To do —
Each line of the listing that includes the string "there" needs to be located and copied.
┌─ Supplied material
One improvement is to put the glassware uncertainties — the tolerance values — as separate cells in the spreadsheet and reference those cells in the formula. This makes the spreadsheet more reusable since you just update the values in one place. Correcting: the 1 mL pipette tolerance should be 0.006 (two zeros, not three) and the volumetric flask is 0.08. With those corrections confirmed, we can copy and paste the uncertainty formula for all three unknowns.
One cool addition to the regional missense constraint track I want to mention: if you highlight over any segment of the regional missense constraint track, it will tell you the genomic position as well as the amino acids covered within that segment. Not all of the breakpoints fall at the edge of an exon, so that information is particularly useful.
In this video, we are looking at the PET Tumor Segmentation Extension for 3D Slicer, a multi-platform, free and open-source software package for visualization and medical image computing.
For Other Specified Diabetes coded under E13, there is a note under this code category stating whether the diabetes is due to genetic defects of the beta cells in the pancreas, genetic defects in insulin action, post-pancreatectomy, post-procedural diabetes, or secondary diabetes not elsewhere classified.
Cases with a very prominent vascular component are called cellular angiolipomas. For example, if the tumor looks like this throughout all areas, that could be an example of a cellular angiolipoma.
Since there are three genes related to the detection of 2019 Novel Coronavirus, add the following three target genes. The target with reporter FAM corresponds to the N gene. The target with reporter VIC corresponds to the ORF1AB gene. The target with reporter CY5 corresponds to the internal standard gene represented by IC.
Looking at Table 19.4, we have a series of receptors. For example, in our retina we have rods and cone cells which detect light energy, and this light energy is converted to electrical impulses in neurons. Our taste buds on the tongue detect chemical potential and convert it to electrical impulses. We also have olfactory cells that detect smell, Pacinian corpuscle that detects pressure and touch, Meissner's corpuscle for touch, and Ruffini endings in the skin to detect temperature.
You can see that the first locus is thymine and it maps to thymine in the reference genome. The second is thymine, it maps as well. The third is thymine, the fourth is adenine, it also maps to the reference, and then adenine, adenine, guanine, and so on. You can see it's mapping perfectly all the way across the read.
└─
Exercise response —
For Other Specified Diabetes coded under E13, there is a note under this code category stating whether the diabetes is due to genetic defects of the beta cells in the pancreas, genetic defects in insulin action, post-pancreatectomy, post-procedural diabetes, or secondary diabetes not elsewhere classified.
Since there are three genes related to the detection of 2019 Novel Coronavirus, add the following three target genes. The target with reporter FAM corresponds to the N gene. The target with reporter VIC corresponds to the ORF1AB gene. The target with reporter CY5 corresponds to the internal standard gene represented by IC.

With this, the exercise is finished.